§ WHAT IS REQUIRED:
Take the lines below from the one with "The World Mission" through the one with "Vase en verre Ernst - Grand, 60 cm - ERNST" and print only them, exactly. Don't print the pictures.

§ EXTRACTED RECORDS:
....................
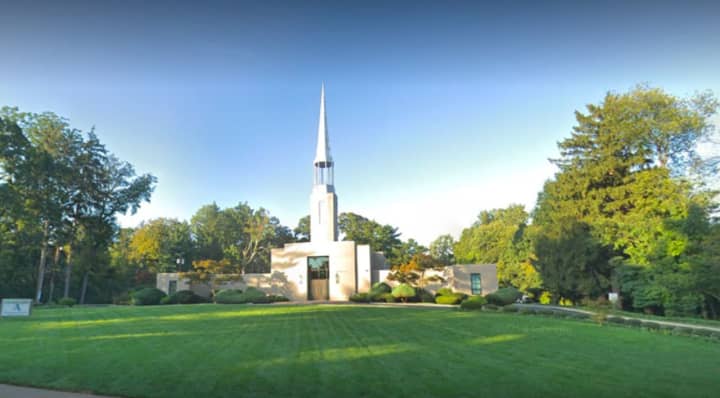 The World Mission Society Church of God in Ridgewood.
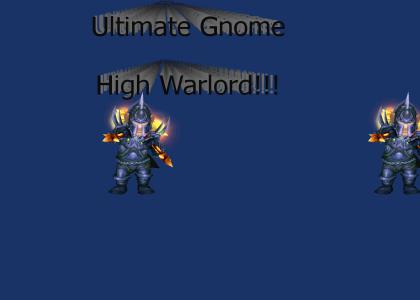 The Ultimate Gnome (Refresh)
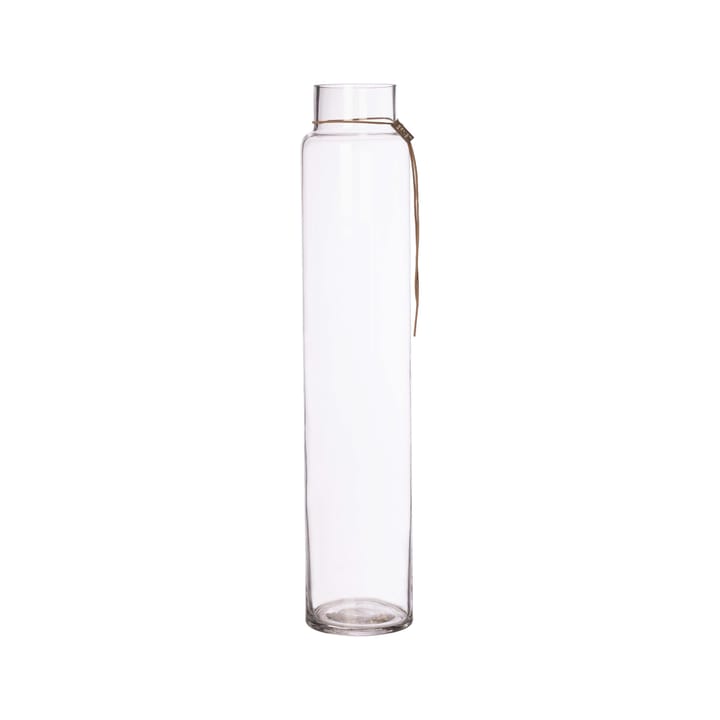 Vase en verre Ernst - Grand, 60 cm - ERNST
....................
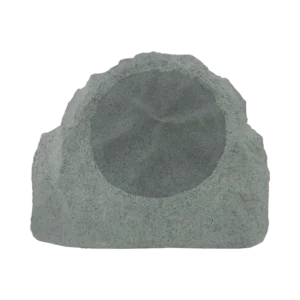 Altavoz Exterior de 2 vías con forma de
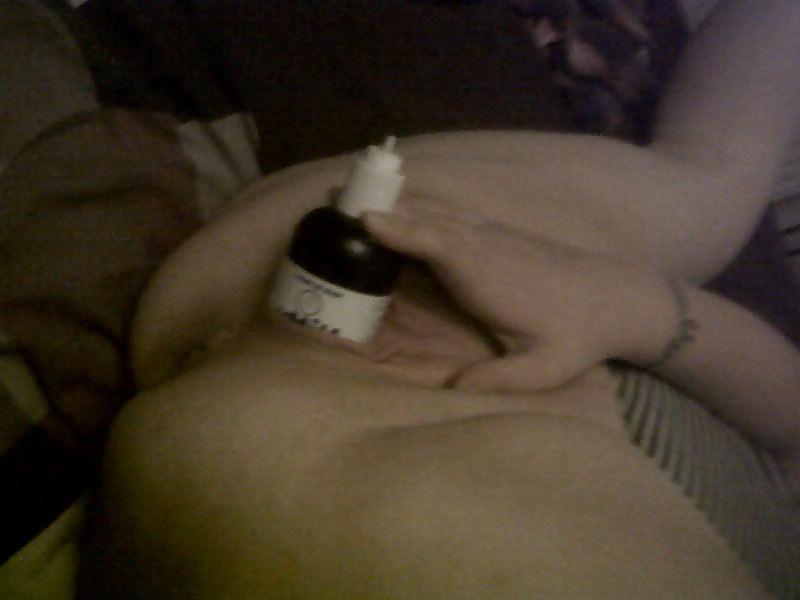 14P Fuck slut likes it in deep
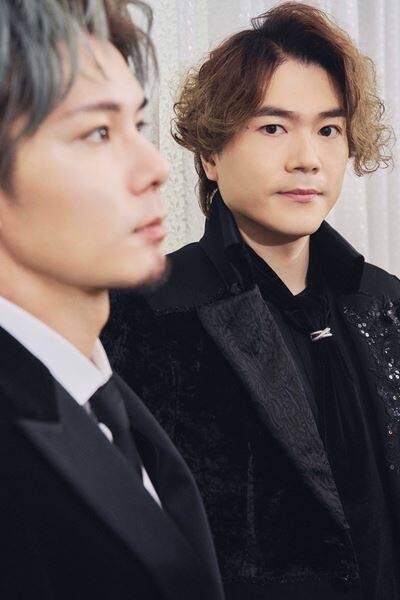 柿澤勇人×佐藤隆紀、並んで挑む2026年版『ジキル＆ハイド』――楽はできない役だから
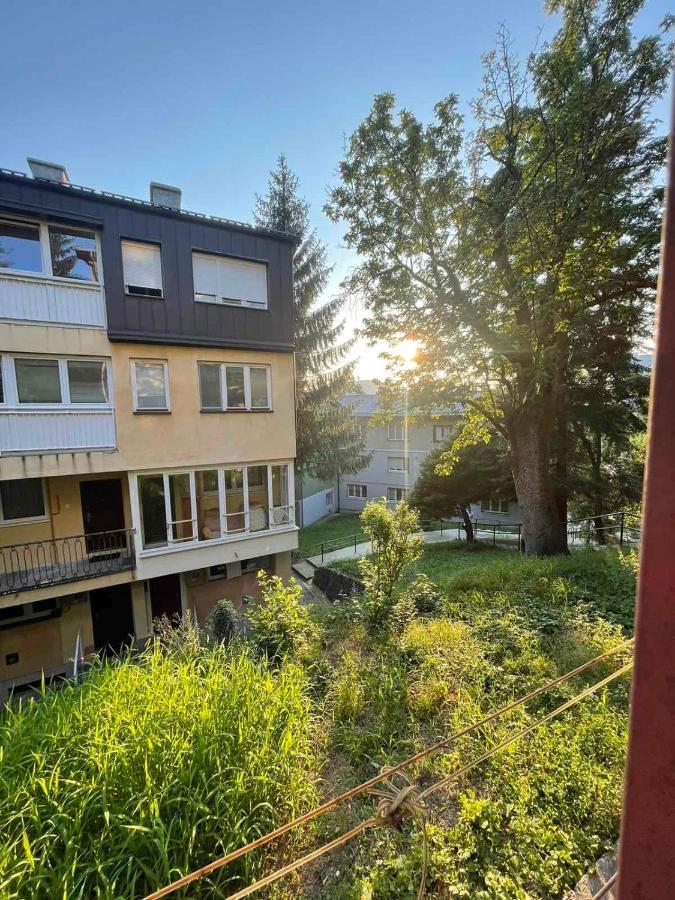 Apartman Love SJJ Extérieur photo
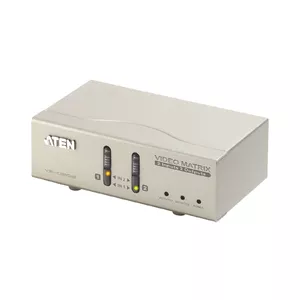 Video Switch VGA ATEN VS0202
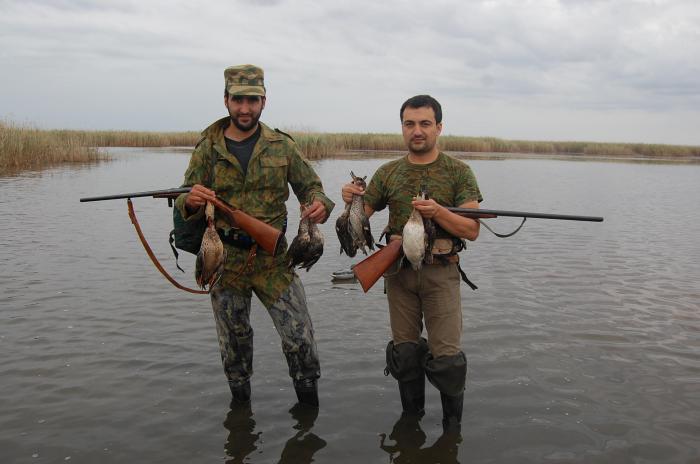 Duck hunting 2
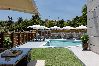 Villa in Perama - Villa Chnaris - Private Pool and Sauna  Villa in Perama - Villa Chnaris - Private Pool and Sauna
....................
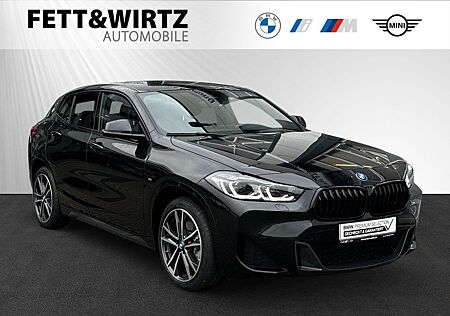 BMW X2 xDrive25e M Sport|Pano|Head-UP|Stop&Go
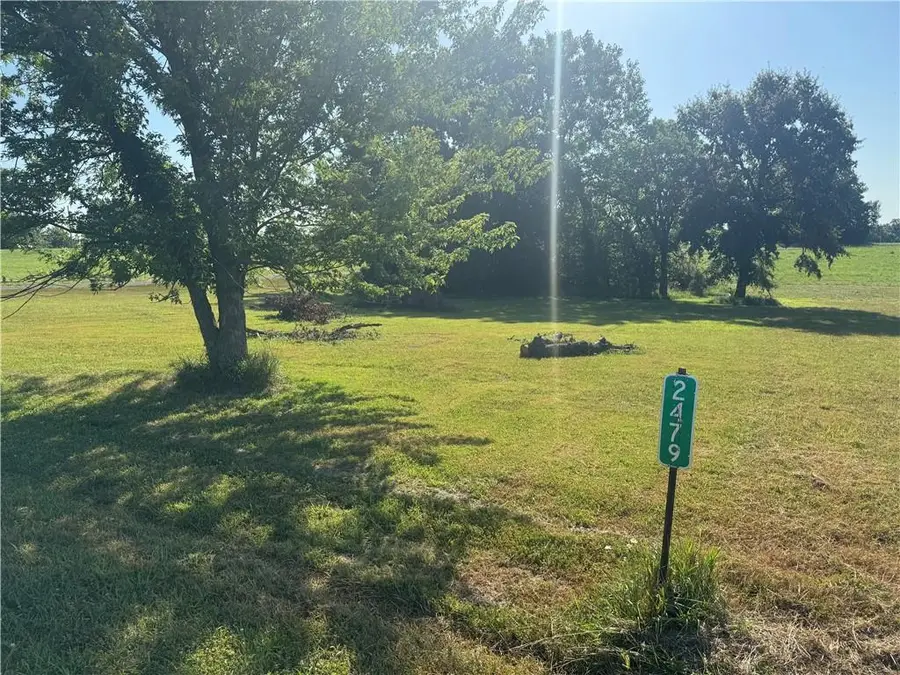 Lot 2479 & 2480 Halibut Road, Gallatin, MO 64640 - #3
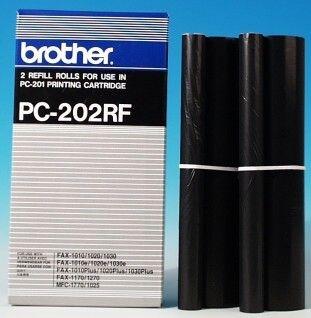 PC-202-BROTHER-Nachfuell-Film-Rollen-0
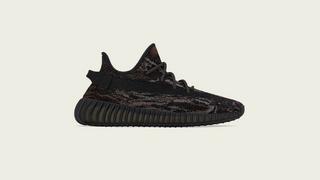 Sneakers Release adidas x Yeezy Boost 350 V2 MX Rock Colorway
....................
§ ANSWER BOX:
 The World Mission Society Church of God in Ridgewood.
 The Ultimate Gnome (Refresh)
 Vase en verre Ernst - Grand, 60 cm - ERNST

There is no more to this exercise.